Oberbürgermeister Ralf Broß berichtete von Erfahrungen der Stadt Rottweil bei den Diskussions- und Entscheidungsprozessen zum Bau eines Gefängnisses und einer Fußgängerhängebrücke. Hier betonte er, dass eine Kombination von frühzeitiger dialogischer Bürgerbeteiligung mit direktdemokratischen Abstimmungen zu faktenbasierten und mehrheitlich akzeptierten Entscheidungen führen kann. Den Kollegen rät Oberbürgermeister Broß: „Unsere Aufgabe als Bürgermeister ist es, auszugleichen und zu befrieden. Das gelingt durch eine gute Beteiligung und die entsprechende Haltung: Auch mit Gegnern des Vorhabens auf Augenhöhe und wertschätzend umgehen, hinhören und versuchen, die Gegenargument zu verstehen. Trotzdem ist es wichtig, den eigenen Standpunkt klar zu kommunizieren, damit alle wissen wofür man steht.“

Bürgerentscheid = Denkzettel für die Politik oder hilfreiches Tool?

Viele machen die Erfahrung: Ohne Beteiligung kann es passieren, dass Bürger der Politik einen Denkzettel verpassen wollen und sich gar nicht mit dem Thema des Bürgerentscheids auseinandergesetzt haben. Sie stimmen dann, z.B. aufgrund einer allgemeinen Unzufriedenheit, gegen einen Vorschlag ab, welcher von Bürgermeister und Gemeinderat getragen wird. Was hier hilft, erläuterte Prof. Frank Brettschneider von der Universität Hohenheim:

  • Früh ins Gespräch kommen,
  • möglichst viele direkt einladen,
  • sich an der Diskussion zu beteiligen,
  • und aktiv in die Kommunikation gehen.

Er forscht u.a. zum Verhalten bei Bürgerentscheiden.

Die Kombination macht’s: gute Qualität in der Beteiligung und dann Bürgerentscheid!

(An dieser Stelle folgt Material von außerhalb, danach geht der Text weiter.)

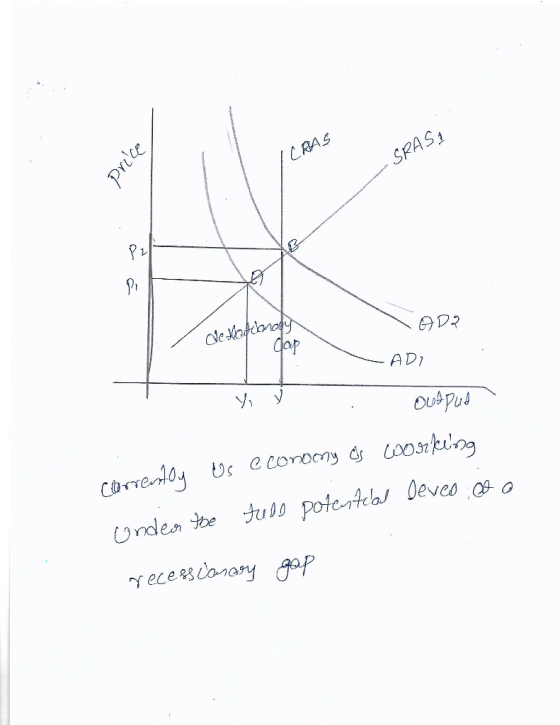 CRAS SRAS1 cle statdanafy Cap DR ADI Ous Pus Crreday Under the tuls potentca Deveo so ecersconary gap Price
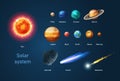 Solar system with sun, planets comets asteroid meteorite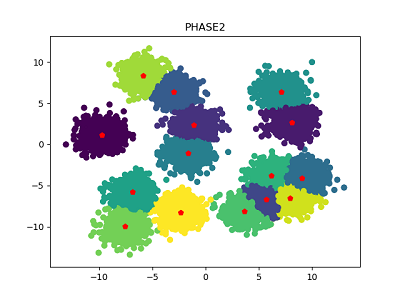 15cluster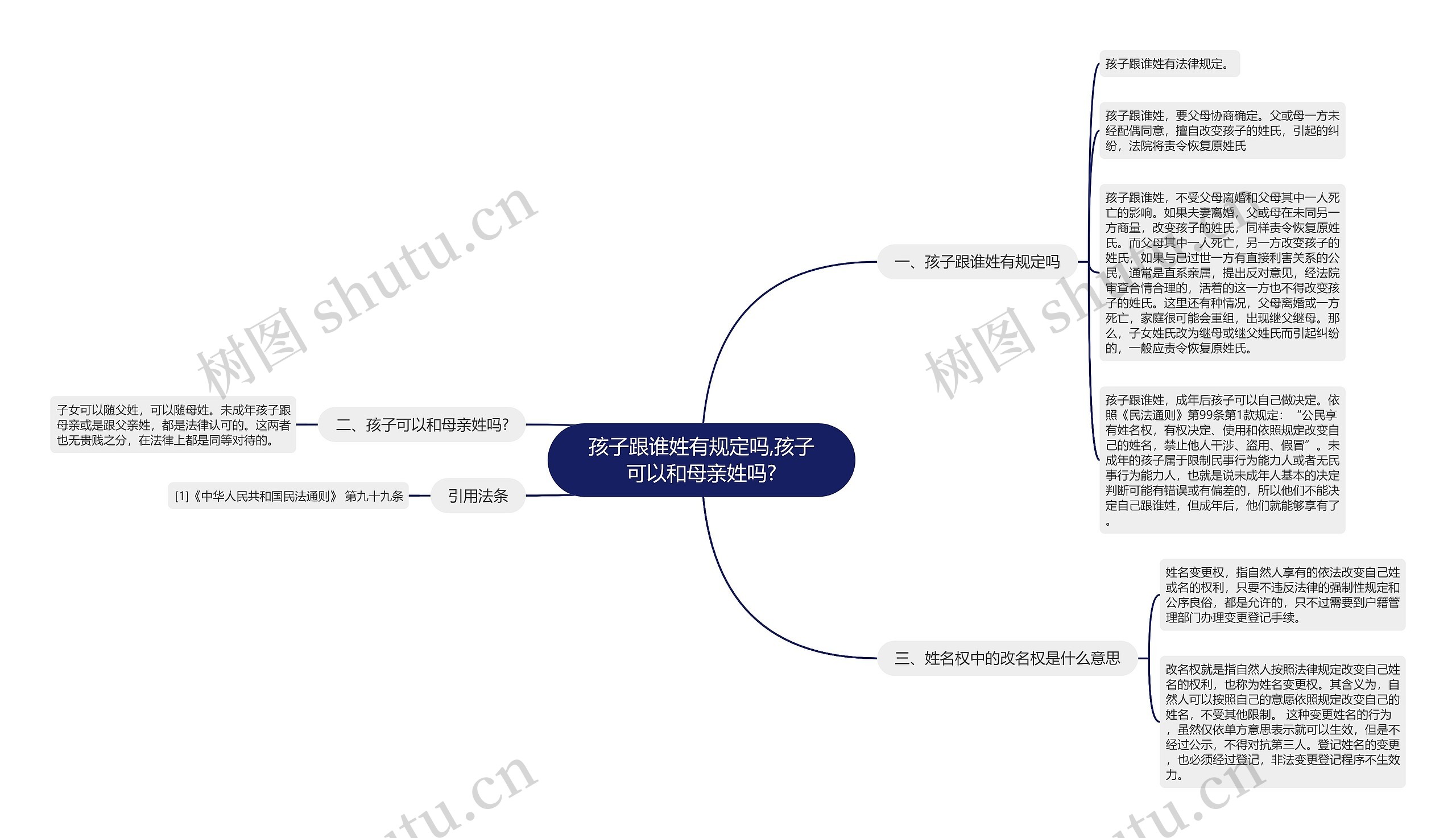 孩子跟谁姓有规定吗,孩子可以和母亲姓吗?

„Wenn von vorneherein klar ist, dass am Ende der Beteiligung ein Bürgerentscheid oder eine Bürgerbefragung steht, diszipliniert dies die Diskussion. Das Wunschkonzert, vor dem sich Bürgermeister und Verwaltung oft fürchten, hat dann keinen Raum“, berichtet Hanna Kasper, Geschäftsführerin von translake GmbH von ihren Erfahrungen. Sehr diszipliniert was Finanzen und Ausgestaltung angeht entwickeln die Bürger dann in der Beteiligung einen Vorschlag, mit dem sie die Mehrheit der Bürgerschaft beim Entscheid überzeugen wollen, so Kasper weiter. Dies wurde beispielsweise an ihrem Thementisch diskutiert, genauso wie konkrete Vorhaben der Beteiligung und die Empfehlungen der Amtskollegen hierzu.

Und wie die Bürgerinitiative gut einbinden?

„Nur Füße still halten und hoffen, dass das Quorum nicht zustande kommt, ist keine gute Vorgehensweise, wenn sich eine Bürgerinitiative bildet. Diese Bürgerinnen und Bürger gilt es einzubeziehen, sie sind nicht politikverdrossen und möchten sich einbringen“, erläutert Ingeborg Gekle-Maier, früher in einer Bürgerinitiative aktiv, heute Gemeinderätin von Bündnis 90/die Grünen im Rottweiler Gemeinderat. Dass Eigeninteressen, z.B. als Anwohner, ein legitimer Grund sind, sich einzubringen, sollte man wertschätzend akzeptieren, so Gekle-Maier abschließend.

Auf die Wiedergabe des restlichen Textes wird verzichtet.